EXERCISE:
Repeat only the lines below from the one that contains "Birthday Wrapping Paper" through the final line, exactly. Omit pictures.

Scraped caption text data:

------------------------------------------------------------------------

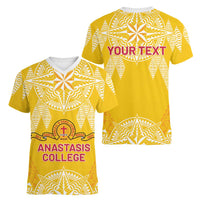 Personalised Anastasis College Women V-Neck T-Shirt Tonga Ngatu Pattern LT05 - Polynesian Pride
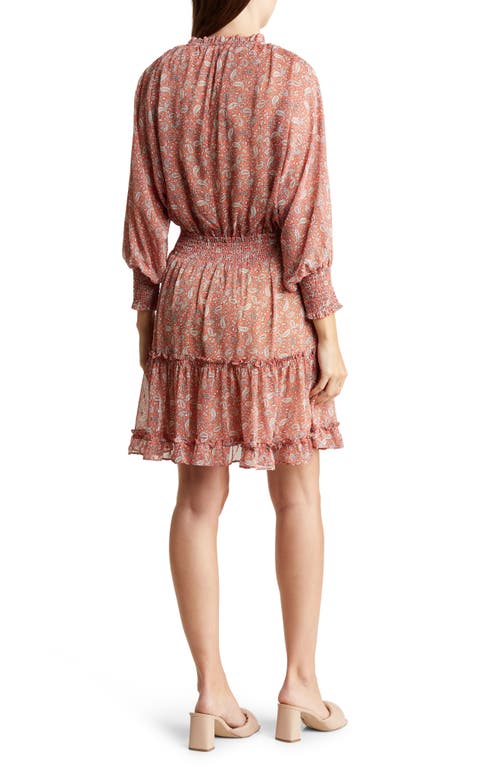 Shop Lovestitch Paisley Smocked Tiered Dress In Coral/natural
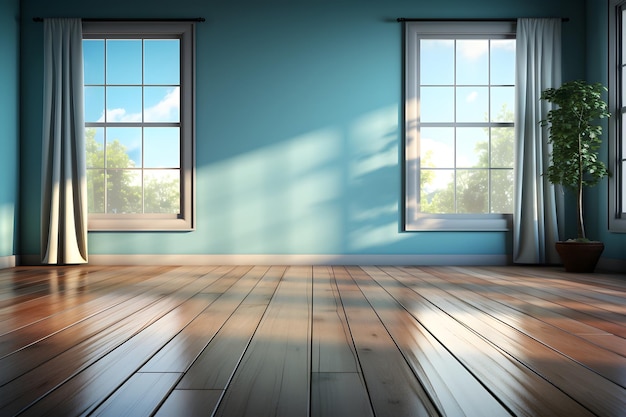 blauwe lege kamer met houten vloer en grote ramen met licht dat komt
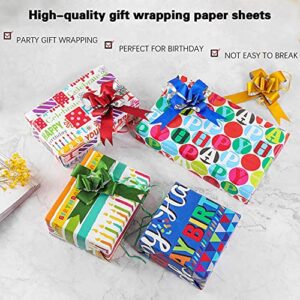 Birthday Wrapping Paper Sheet 8 Sheets Folded Flat Gift Wrap Paper with 4 Decorative Bows, Kids Birthday Gift Wrapping Paper, 20 in x 27.5 in Per Sheet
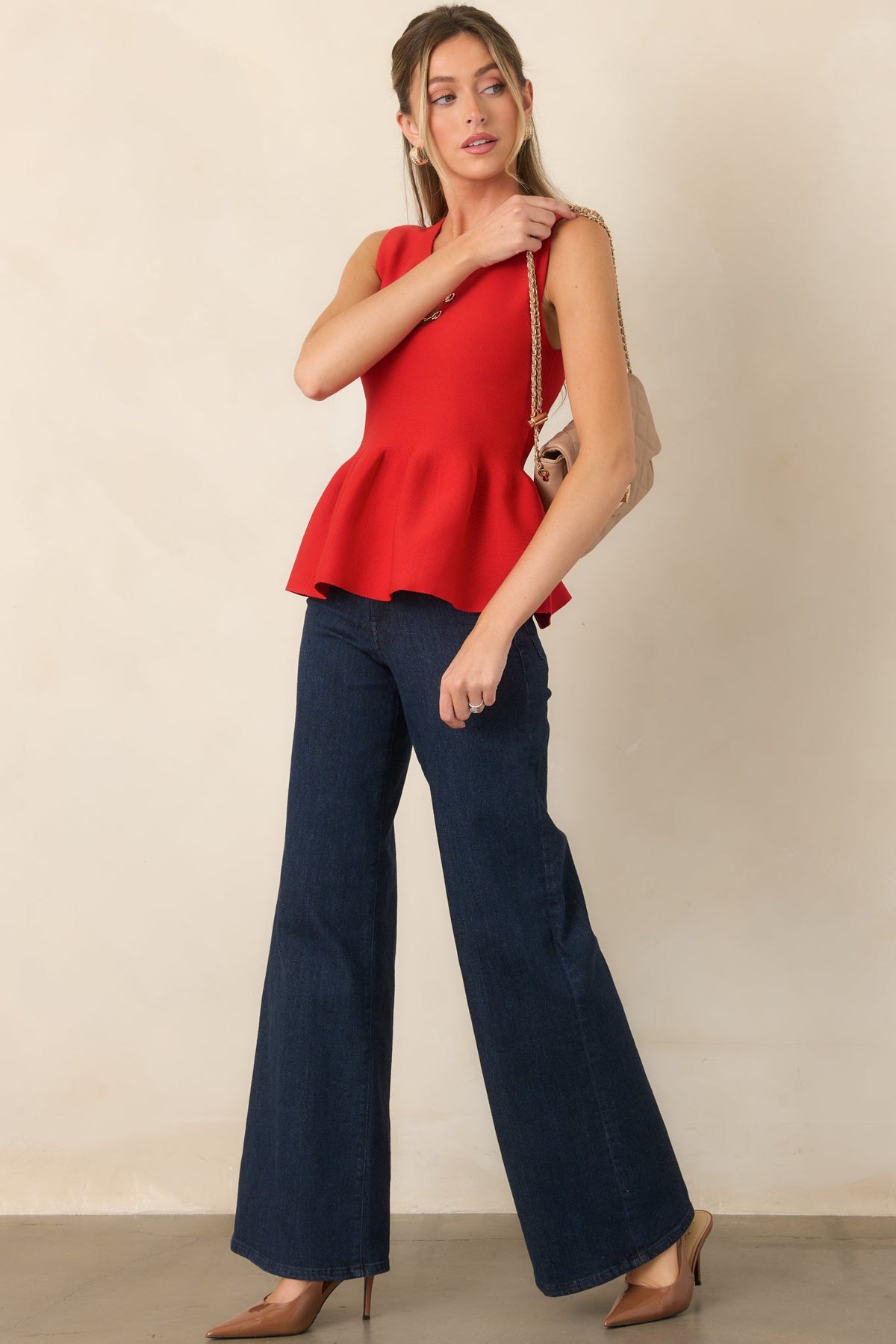 Keep Me Linked In Red Knit Peplum Top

------------------------------------------------------------------------

FINISHED TASK:
 Birthday Wrapping Paper Sheet 8 Sheets Folded Flat Gift Wrap Paper with 4 Decorative Bows, Kids Birthday Gift Wrapping Paper, 20 in x 27.5 in Per Sheet
 Keep Me Linked In Red Knit Peplum Top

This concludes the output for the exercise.